→ **Exercise instructions**
Write out the listing below exactly, and omit any images you find in it.

....

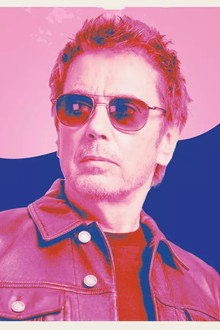 Jean-Michel Jarre : Francofolies de La Rochelle
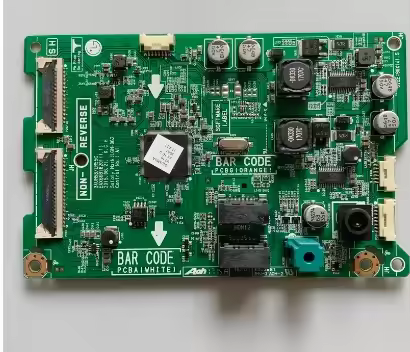 Original for LG 34UM58A driver board 34UM58/LM55C motherboard 25UM58 29UM58 EAX66818201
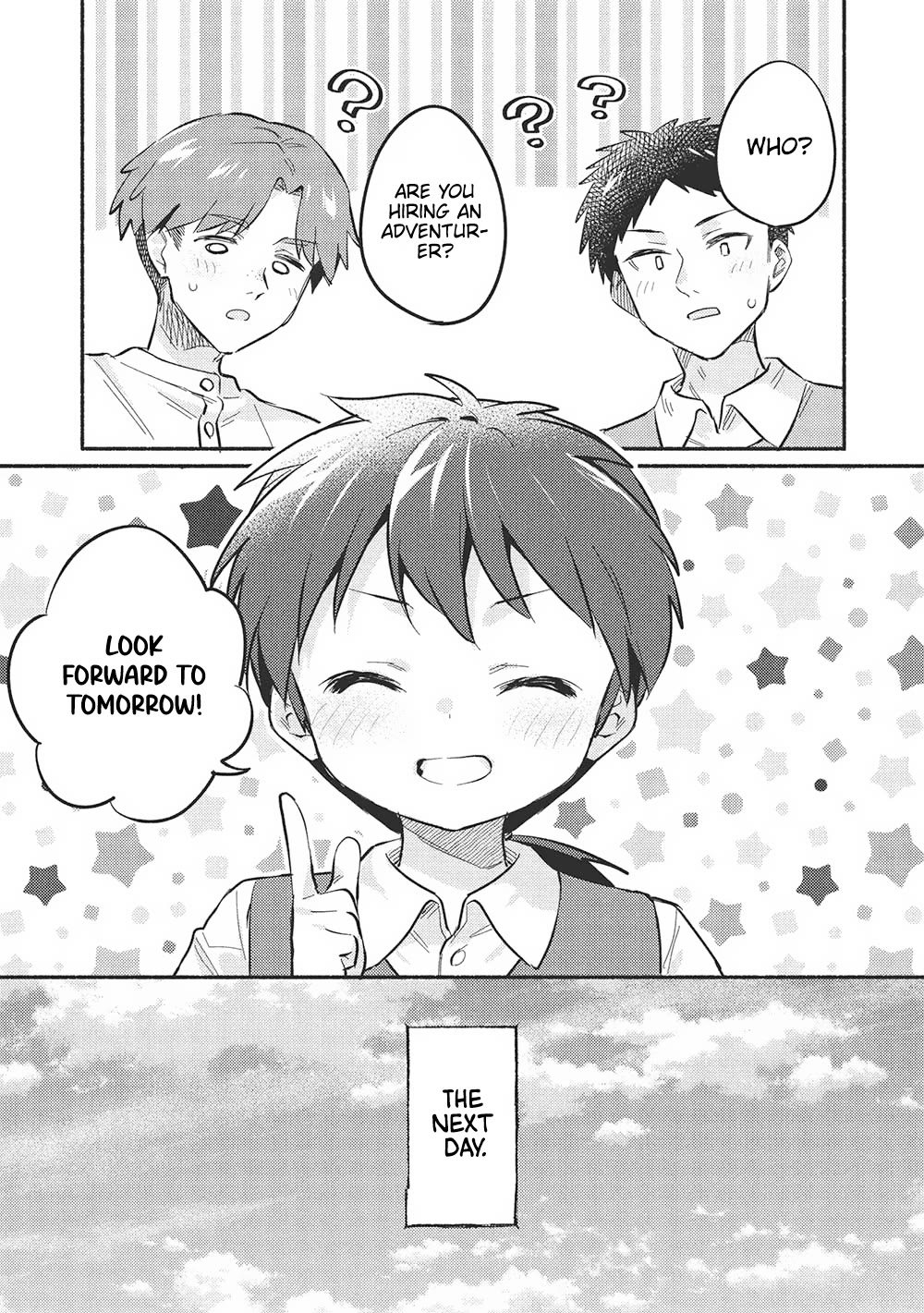 Kojiin Tamer Chapter 51 page 11 - Chapter 51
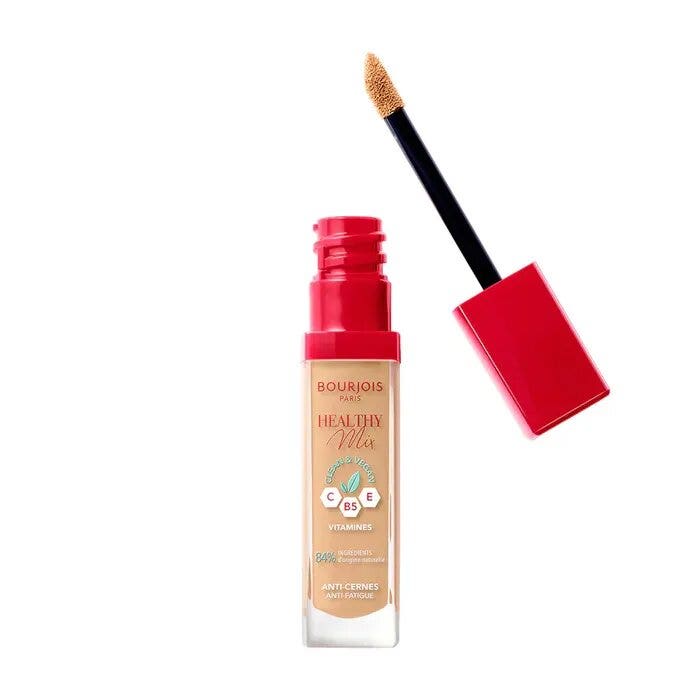 Bourjois Healthy Mix Correttore Colore N 52,5 Vanilla 10ml-5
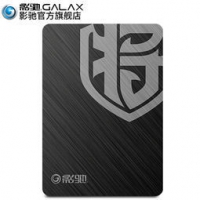 GALAXY 影驰 铁甲战将系列 SATA3 固态硬盘480G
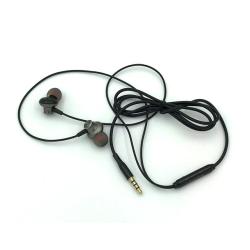 Наушники SUNPIN ES-04 Black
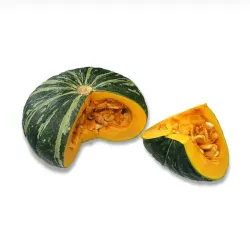 Calabaza (5lbs)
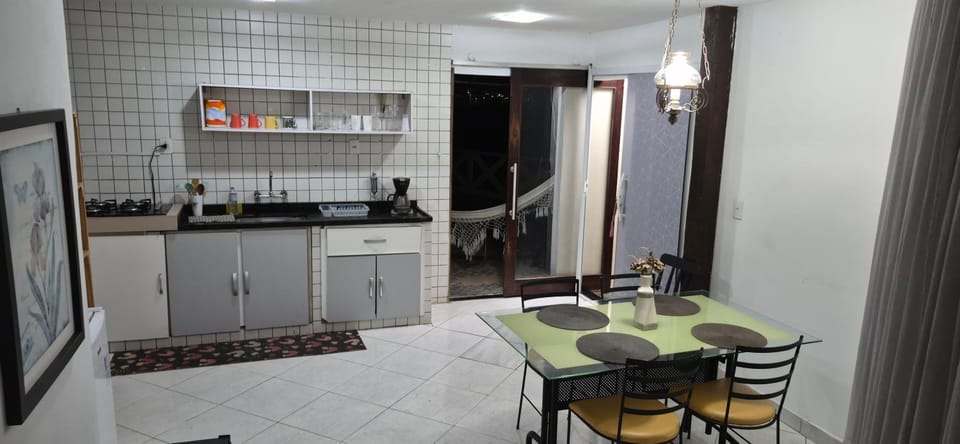 Cobertura Confortável -Rio de Janeiro House in Rio de Janeiro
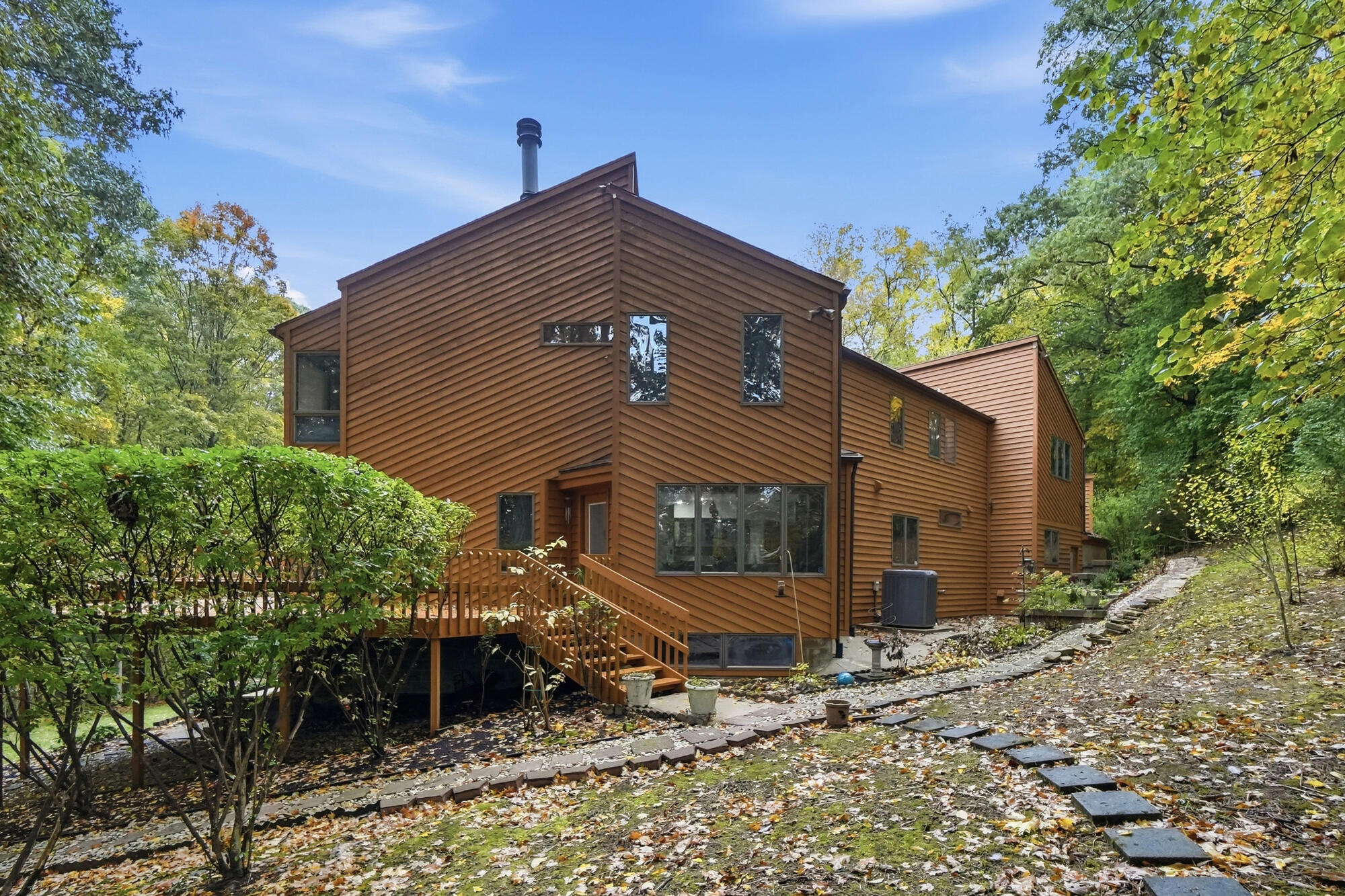 420 Aberfelda, Springfield, Ohio 45504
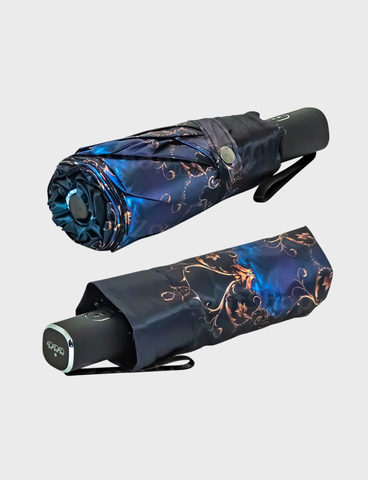 Зонт суперавтомат 4 сложения Три Слона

....

→ **Expected answer**
 Jean-Michel Jarre : Francofolies de La Rochelle
 Original for LG 34UM58A driver board 34UM58/LM55C motherboard 25UM58 29UM58 EAX66818201
 Kojiin Tamer Chapter 51 page 11 - Chapter 51
 Bourjois Healthy Mix Correttore Colore N 52,5 Vanilla 10ml-5
 GALAXY 影驰 铁甲战将系列 SATA3 固态硬盘480G
 Наушники SUNPIN ES-04 Black
 Calabaza (5lbs)
 Cobertura Confortável -Rio de Janeiro House in Rio de Janeiro
 420 Aberfelda, Springfield, Ohio 45504
 Зонт суперавтомат 4 сложения Три Слона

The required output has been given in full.